Annie's Coming Out (also known as A Test of Love) is a 1984 Australian drama film directed by Gil Brealey. It is based on the 1980 book Annie's Coming Out which was written by Rosemary Crossley, with the assistance of Anne McDonald. The book tells the story of McDonald's early life in a government institution for people with severe disabilities and her subsequent release, as well as her therapist's attempts to communicate with her through the discredited method of facilitated communication.

Premise
Annie O'Farrell (based on Anne McDonald) is a 13-year-old girl with athetoid cerebral palsy who is unable to communicate and has been living in a government institution from an early age. Jessica Hathaway (based on Rosemary Crossley) is a therapist who learns to communicate with Annie using an alphabet board and comes to believe that although physically disabled, Annie is not intellectually impaired. When Annie turns 18, Jessica begins a legal fight to get her released.

Cast
Angela Punch McGregor as Jessica Hathaway
Drew Forsythe as David
Liddy Clark as Sally Clements
Monica Maughan as Vera Peters
Philippa Baker as Sister Waterman
Tina Arhondis as Annie O'Farrell
Mark Butler as Doctor John Monroe
John Frawley as Harding

Production
Film rights to the book were bought by Film Australia and Gil Brealey was assigned to direct. It was originally intended that Ann McDonald play herself but she had grown too big by the time she left hospital so 9-year-old Tina Arhondis was cast instead. Shooting started in September 1983 and went for four weeks, mostly at the Convent of the Good Shepherd in Melbourne.

Reception
Annie's Coming Out won three 1984 Australian Film Institute Awards for Best Film, Best Adapted Screenplay and Best Lead Actress (Angela Punch McGregor). It was nominated for four other AFI awards. The film won the Prize of the Ecumenical Jury at the 1984 Montréal World Film Festival.

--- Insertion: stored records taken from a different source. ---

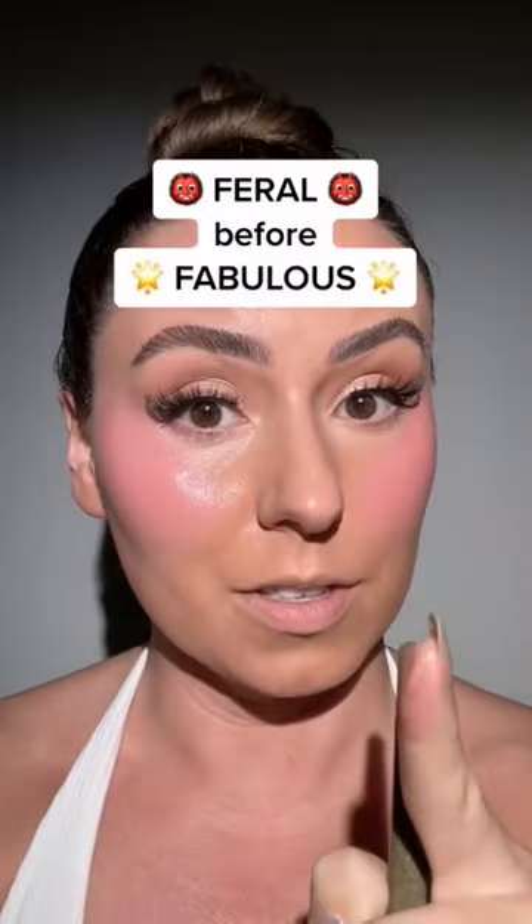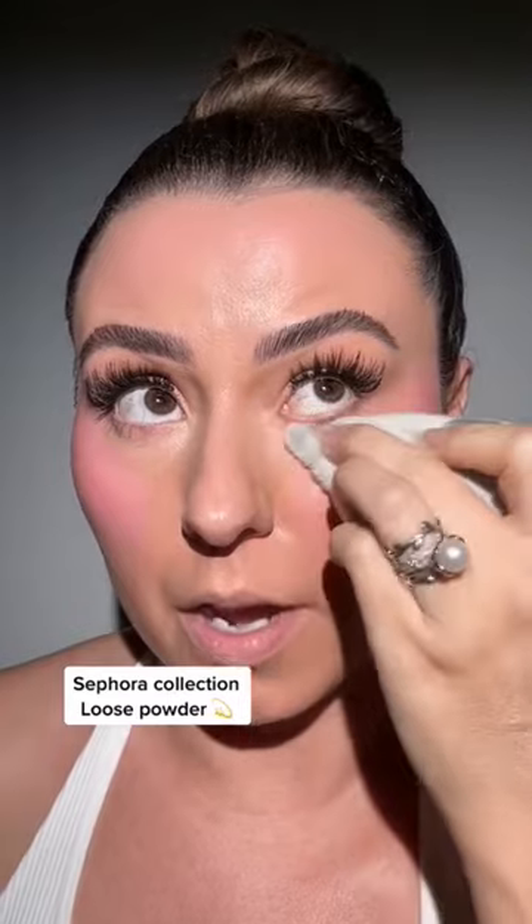Don't be frightened — feral before fabulous. We're going to use this Sephora Collection powder, start to press that in, and we can go ahead and finish setting the rest of the face. Look how pretty that is.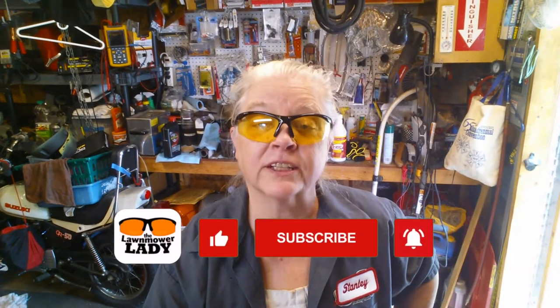Hey! How you doing? Nope, my name's not Stanley. I'm the Lawn Mower Lady, and I like fixing small engines.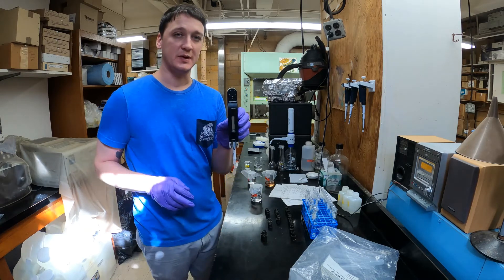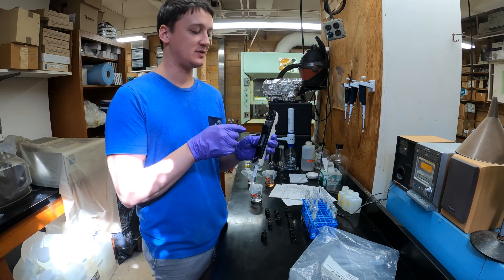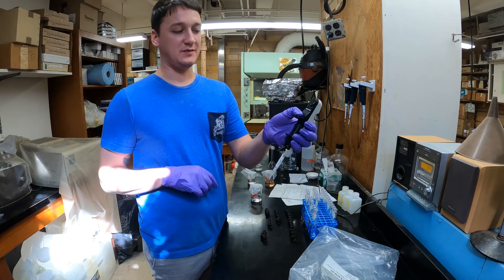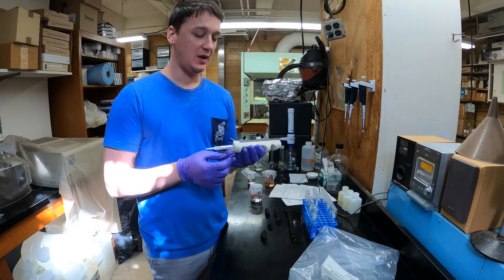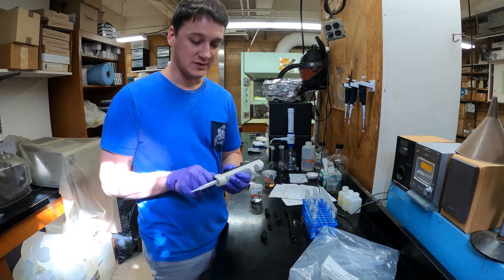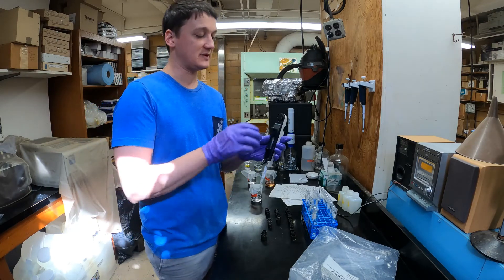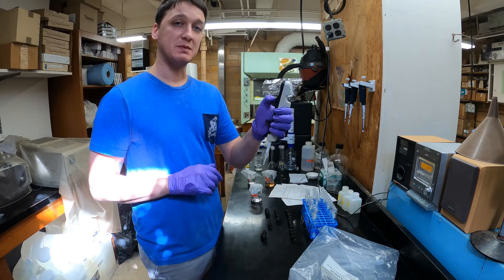We'll do this with a repeater pipette. It has a little dial up top where you can select a certain number. This is set to four right now, which means each time we press down this button it's going to pipette four units of solution out. The units are specific to the tips — with this small tip, one unit equals 50 microliters. So if it's set on four, we're getting 200 microliters out every time we push it down.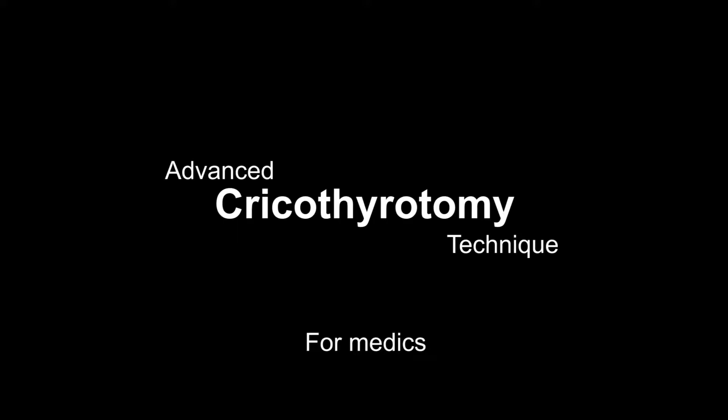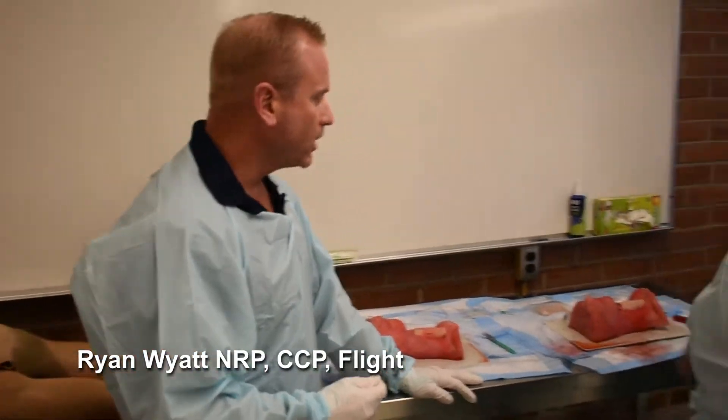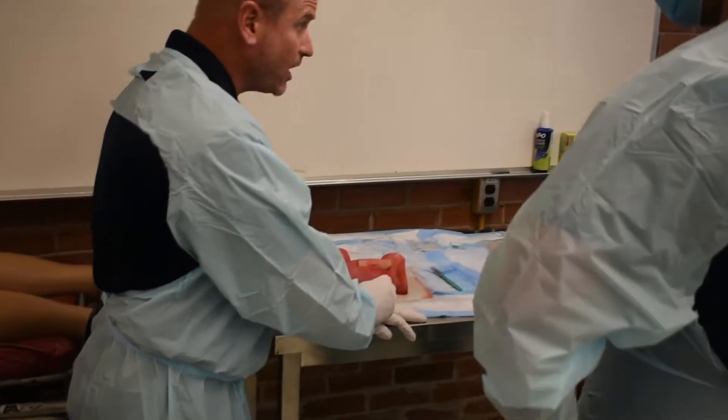This is surgical crike. Are you guys right-handed? As right-handed clinicians, you're always going to want to be on the right side of the patient. What does that mean? What's our target area when we surgically crike?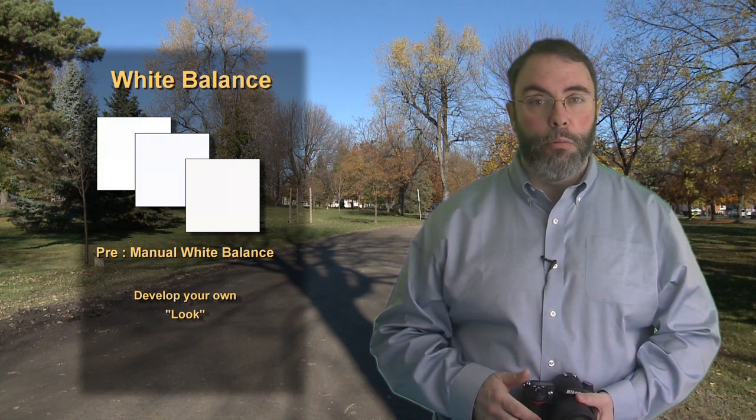Perhaps you want to design your own look — lots of photographers do. One of the ways you can accomplish this is by having a white card that you bring with you. You can pick the warmer whites or the colder whites to essentially have your own look or style. It's a great way to spend a rainy Sunday afternoon experimenting with developing your own white balance for indoor shots. Give it a try — it's kind of fun.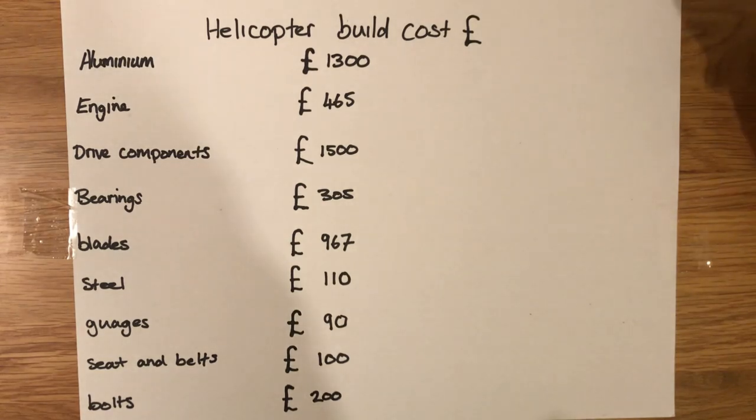Hello YouTube. I thought I'd do a little video on what it's cost me to build my helicopter. Originally I thought perhaps two and a half thousand might have been the build cost, but as most things do it has escalated. I do get asked why I built one, and it's a question I ask myself sometimes, but the main reason is because I couldn't afford a Mosquito Air — something like that would be around fifteen thousand pounds secondhand, and obviously they don't make them anymore.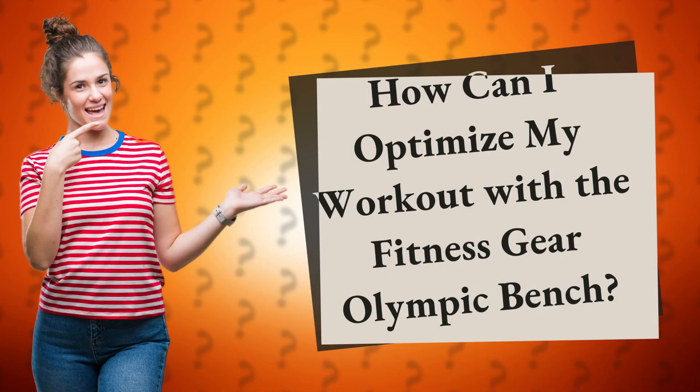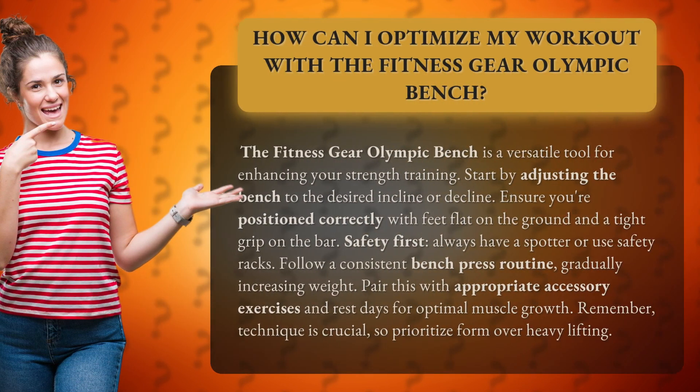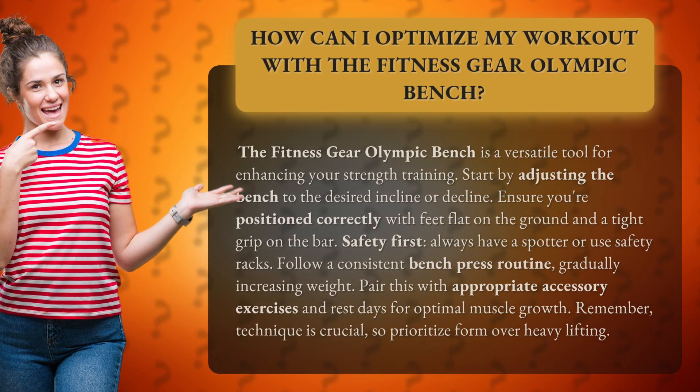How can I optimize my workout with the Fitness Gear Olympic Bench? The Fitness Gear Olympic Bench is a versatile tool for enhancing your strength training. Start by adjusting the bench to the desired incline or decline. Ensure you're positioned correctly with feet flat on the ground and a tight grip on the bar.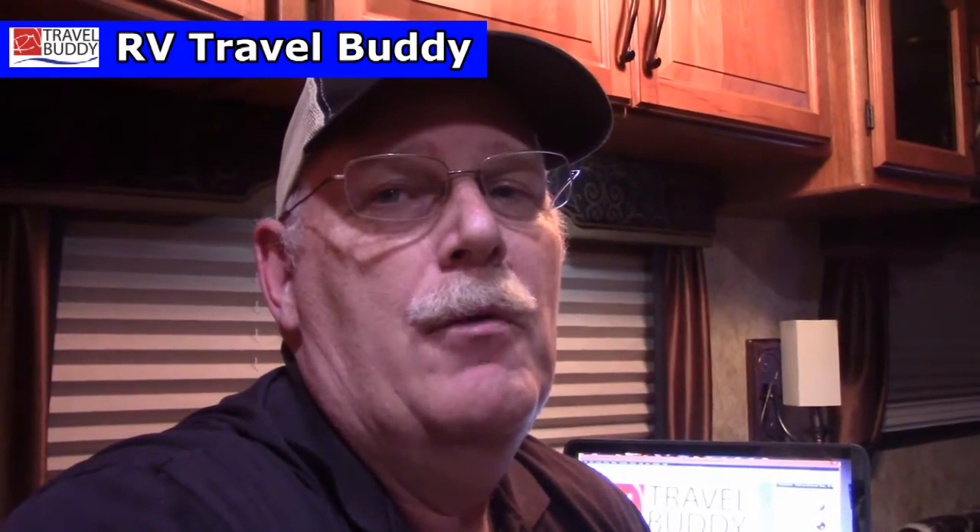I hope that was helpful to you. We're pretty happy with our solution. If you're trying to find a way to do a little solar, conserve on your batteries and pull less amperage, try some LED lights in the most-used rooms and the systems you know you use the most. I'm Rob from RV Travel Buddy — have a great day and thanks for watching!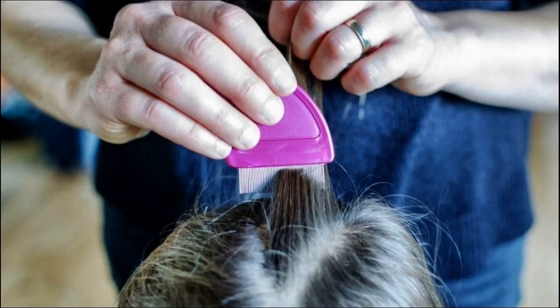For this remedy: 1) Take 10 freshly peeled cloves of garlic and mash them together. 2) Add 2-3 teaspoons of lime juice. 3) Apply it on your scalp thoroughly and leave it on for half an hour. 4) Wash your hair thoroughly with warm water, rinsing this mixture out.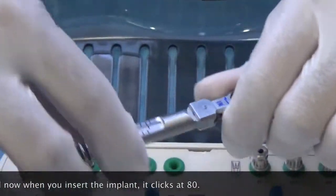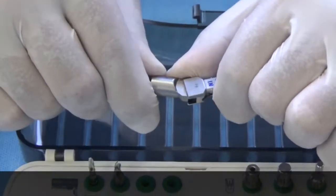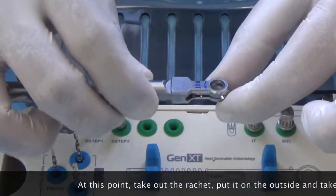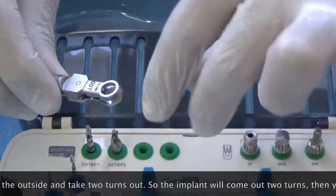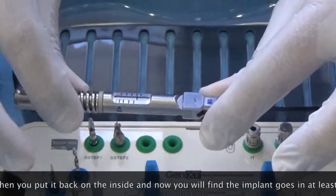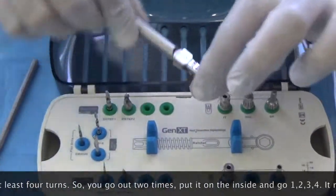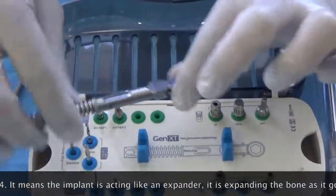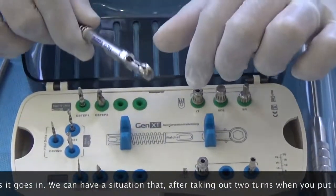I recommend taking the torque up to 80. When inserting the implant and it clicks at 80, it becomes a lot more difficult. At this point, take out the ratchet, put it on 'OUT,' and take two turns out so the implant comes out two turns. Then put it back on 'IN' and you will find the implant goes in at least four turns. This means the implant is now acting like an expander, expanding the bone as it goes in.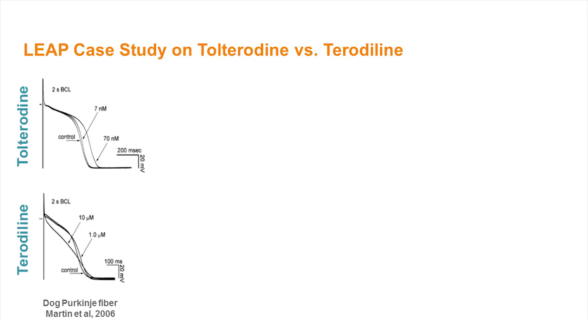Both drugs were designed for the same indication, urinary incontinence, but tolterodaline was removed from the market for torsade de pointes risk. In this previous study, tolterodine was found to prolong the action potential without changing its shape. By comparison, tolterodaline induced little prolongation overall, but was associated with significant triangulation of the action potential, which is believed to be an electrophysiological precursor to torsade de pointes.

The film was not a large commercial success but it screened in the US as A Test of Love.

Home media
Annie's Coming Out was released on DVD by Umbrella Entertainment in October 2010. The DVD is compatible with all region codes and includes special features such as press clippings, photos, and audio commentary with Gil Brealey, Rosemary Crossley, Chris Borthwick and Anne McDonald.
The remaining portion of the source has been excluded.